The point here is not that this TS should be delayed until it has a data
consistency model, but that we cannot be certain that one is even
definable.  Half a century of experience in this area has taught us that
intuition is not a reliable guide, and 'obvious truths' are often false
when parallel data consistency is involved.  As an example in a much
more widely-used language than Fortran, Java has had threading support
and a memory model since about 1995 but it was shown, only in 2004, to
be badly flawed; it was replaced in 2005.

    http://www.ibm.com/developerworks/library/j-jtp02244/index.html

In the case of the facilities in this TS, I cannot either produce
examples of deadlock or causal loops, or convince myself that they do
not exist.  However, I can convince myself that livelock and infinite
loops (see Events.2), in the case where the program's logic contains no
such flaws, are possible with the current specification of EVENT_QUERY.

I do not believe that developing a proper data consistency model, formal
or informal, will be possible by February 2015.  As mentioned in
Atomics.2 and Events.2, this is NOT a matter of the atomics alone, but
of the interactions between the atomics, collectives, events and the
existing execution order model, as well as when a processor is required
to make progress (if ever).

A proposal is made below.


General.2) I also remain extremely concerned about whether this
specification will be reliably and efficiently implementable, for a
sufficiently high proportion of user programs, except on systems where
the hardware or operating system has special support for it.  I accept
that people who understand the implementation issues will be able to
write portably efficient programs, and SOME users will do so, but
the the question is how many.

A specific issue here is that Fortran is maintaining its position
largely because it can be used to write more efficient code than its
competitors.  If, in the eyes of the user community, it loses that edge,
it will disappear.  In particular, I cannot see how to to implement it
portably, reliably and efficiently, using only the reliably portable
facilities of POSIX, MPI and TCP/IP.  These do not include MPI passive
one-sided communication or even MPI_THREAD_MULTIPLE, largely because
there is no one-sided synchronisation in POSIX.

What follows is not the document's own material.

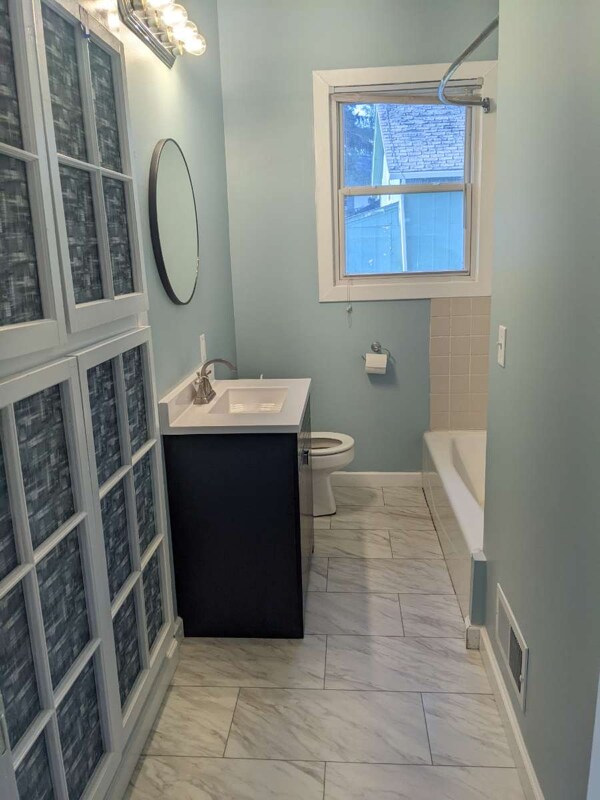 Foto principal - 230 Lynn Rd SW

My understanding is that there are, as yet, only two full and released
implementations of Fortran 2008 coarrays (Cray's and Intel's), and very
little user experience with the latter; IBM's may be imminent, but I
know of no others.  In all cases, the implementation works only with the
vendor's own MPI, as far as I know.  It seems very unlikely indeed that
there will be significant experience with implementing and using the
facilities in this TS before February 2015. 

A proposal is made below.


General.3) This comment is made mainly because it supports the previous
points in this section.

It is dubious that this TS meets requirement S1 in N1981 any longer, as
it is over double the length as and much more complex than the original
proposal (N1858 and N1863).  Events can be regarded as replacing
NOTIFY/QUERY and parallel I/O has been dropped, but major new,
interacting, features include the new atomics, non-hierarchical team
usage, and support for image failure.


As a consequence of the above comments, I believe that this TS should be
explicitly removed from consideration for inclusion in the next Fortran
standard (see N1979), because the first CD ballot of the next revision
of the standard is due in February 2015.